# taz.de -- Pestizide in der Landwirtschaft: Giftcocktail im Getreide
> Ein Drittel aller europäischen Getreideprodukte sind mit Pestiziden
> belastet, beklagt Foodwatch in einer Studie. Nun müssten die Supermärkte
> handeln.
IMG Bild: Jedes dritte Korn ist belastet
Wer zum Frühstück gern Brot oder Müsli isst, futtert mit dem Löffel
Haferflocken vielleicht auch ein paar Pestizidrückstände. Denn während man
den Apfel zumindest waschen kann, ist das bei Getreideprodukten häufig
nicht so leicht. Die Verbraucherorganisation Foodwatch beklagt „massiven
Pestizideinsatzes“ bei der Getreideproduktion.
Laut eines am Dienstag veröffentlichten Berichts der Verbraucherschützer
sind mehr als ein Drittel, 37 Prozent, aller europäischer Getreideprodukte
belastet, von Weizen über das Urgetreide Emmer zu Haferflocken.
Für ihren Report „The Dark Side of Grain“ analysierte Foodwatch nach
eigenen Angaben Daten der Europäischen Behörde für Lebensmittelsicherheit
(EFSA) zu Pestizidrückständen in unverarbeitetem Getreide und verarbeiteten
Getreideprodukten, die insgesamt 2.234 Proben untersuchte. Nach den Daten
wiesen 837 Proben Rückstände von ein oder sogar mehreren Pestiziden auf.
## Ein Cocktail aus Pestiziden
Besonders besorgniserregend empfinde Foodwatch den „Pestizid-Cocktail“.
Über 65 unterschiedliche Pestizide seien nachgewiesen worden. Auch wenn nur
18 Rückstände in 14 Proben die Rückstands-Höchstmengen überschritten
hätten, berge „die schiere Zahl verschiedener Pestizide in den Produkten
ein gesundheitliches Risiko für Verbraucher:innen“.
Der Industrieverband Agrar (IVA), der die deutschen Pestizidhersteller
vertritt, sieht die Ergebnisse der Studie kritisch. Dass Rückstände
gefunden wurden, lasse nicht direkt auf eine Gefährdung schließen, solange
die Funde unterhalb der gesetzlichen Höchstmengen lägen, sagt der Verband.

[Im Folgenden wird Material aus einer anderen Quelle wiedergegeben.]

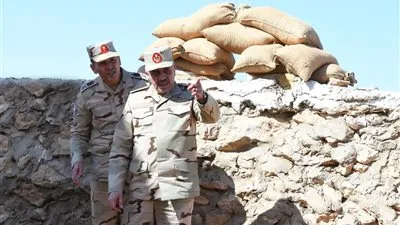 رئيس أركان حرب القوات المسلحة يتفقد إجراءات التأمين على الإتجاه الإستراتيجى الغربى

„Das Bild vom ‚Pestizid-Cocktail‘ dient allein der Bangemacherei“, erklärt
ein IVA-Sprecher der taz. Unterschiedliche Spuren von Pestiziden wiesen
nach ihrer Ansicht nur darauf hin, dass Landwirte unterschiedliche Mittel
gegen verschiedene Schädlinge nutzen würden.
Foodwatch fordert, dass Konsument:innen [1][besser geschützt werden].
Dafür sieht der Verbraucherschutzverein die Händler im Zugzwang. „Die
Supermärkte sollten ihre Marktmacht nutzen und nur noch pestizidfreie
Getreideprodukte verkaufen – das würde den Pestizideinsatz in Deutschland
auf einen Schlag halbieren“, sagt Foodwatch-Sprecherin Annemarie Botzki.
## Unternehmen sollen handeln
Die Unternehmen würden damit werben, [2][Artenvielfalt schützen zu wollen].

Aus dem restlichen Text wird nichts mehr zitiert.